How Best to Store and Organise Your Analogue Work

Resource: How Best to Store and Organise Your Analogue Work

On Photography

As part of our Develop at Home series, we hosted a live Q&A on Instagram with Alice from Parallax Photographic Coop to learn more about best practice when it comes to storing and organising your analogue work. Here are some key takeaways from the conversation.

Parallax Photographic Coop are a film and darkroom supplier based in Brixton, South London.


Top Tips for Handling and Storing Film

A photograph of a roll of film laid out on a blue surface.

1. The second you process your film or get it back from the developers, think about the long term.

You want it to be easy to find after a few years when you have developed loads more rolls of film. People often make the mistake of forgetting about this part but try to do the organising job as soon as you get the film or prints. This can really improve your workflow in the future.

White gloves laid out on a blue background.

2. Use a pair of gloves when handling the film.

There are natural oils on your hands that can leave finger-marks on film. Wearing cotton gloves will protect it and prevent touching up in post-production.

A film camera on top of a contact sheet on a blue background.

3. Store your film in sleeves.

Keeping your film in A4 sleeves makes it easy to sort through them and they are archival so will prevent film from getting damaged.

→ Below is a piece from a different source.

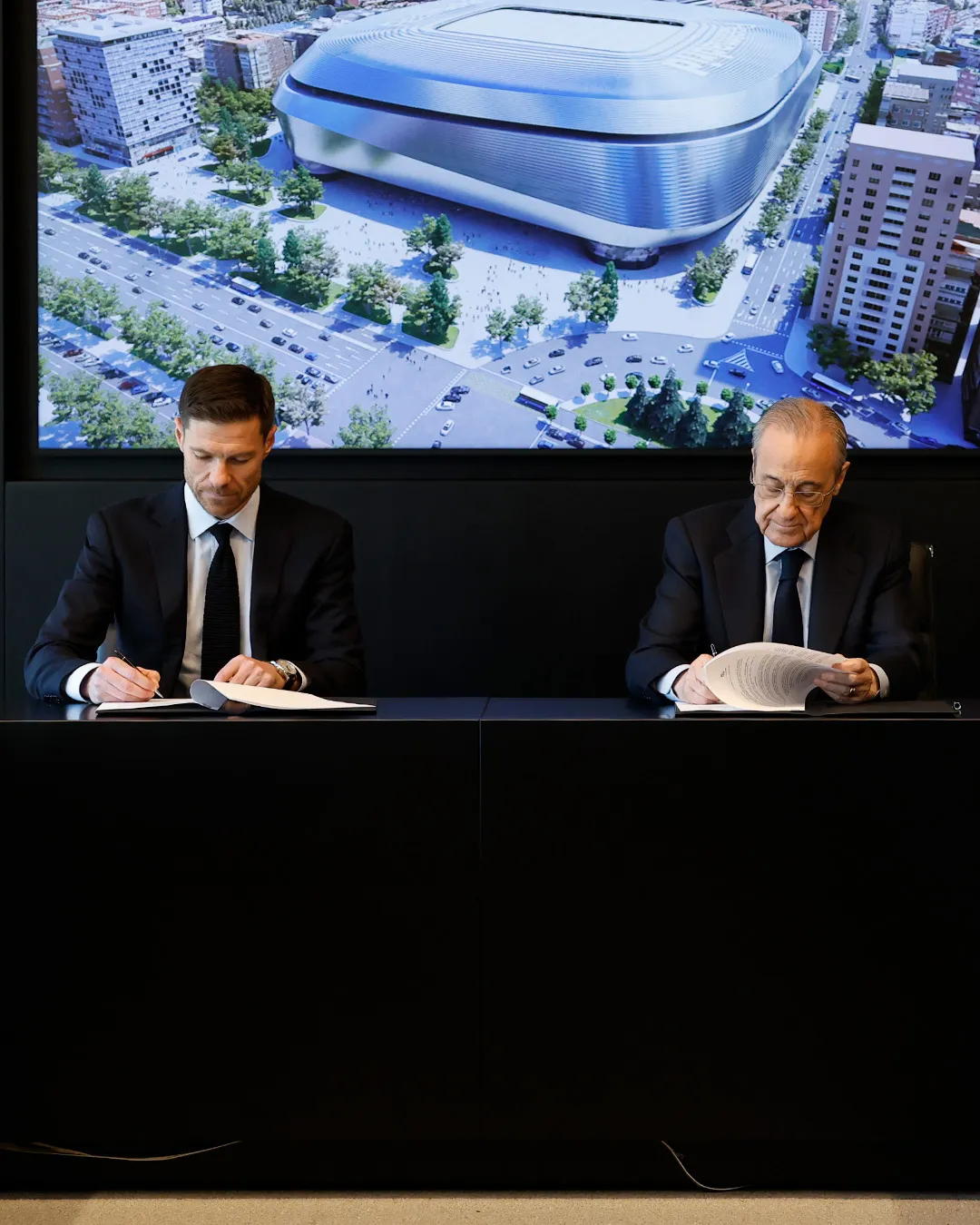 Alonso fue presentado de forma oficial con Real Madrid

A loop on top of a sleeve of film on a blue background.

4. Be thorough with labeling.

Write as much information on the sleeve as possible including what film you used, camera, location, date, who developed it, and the time, describe the shoot. Create a numbering/tagging system that allows you to remember where to find specific images you are looking for.

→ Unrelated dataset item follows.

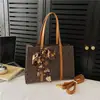 Bolso de Mano de Lujo Ligero para Presbicia Bolso de Hombro para Mujer Nuevo 2025 Bolso Tote de Gran Capacidad para el Trabajo Bolso de Hombro de Gama Alta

An open folder with a pink background.

5. Store your sleeves in a dust-proof box at room temperature. 

Use a dust-proof binder box which you can easily organise your sleeves. Dust is not going to ultimately damage your files but can take a lot of time to clean. Do not put them next to the radiator and keep away from direct sunlight.

Top Tips for Cleaning Developed Film

A bottle lying on a blue background.

1. How to clean dry negatives with water spots?

Try rubbing it with a soft cleaning cloth (ones made by Ilford are good). This technique should work if it’s not a serious mark. Remember to wear gloves too when handling film.

More serious drying marks can be removed by rewashing the negative and using more wetting agent which is the chemical you use after developing the film. Most dry marks are not that serious and should be easy to rub off.

An image of a canister and sleeve with negatives in on a pink background.

2. How to remove dust from your negatives?

Don’t blow on them because you can accidentally spit on them.

Get a hand/bulb air blower or canned air.

Top Tips for Handling and Storing Prints

1. Keep them in a box away from direct sunlight.

2. Store in sleeves. You can get cheaper and simpler sleeves made out of paper to protect the surface of the print if you pile them up. Dust is not so much of an issue at the print stage. When you present them you can get a clear polyester sleeve which you can see the print through.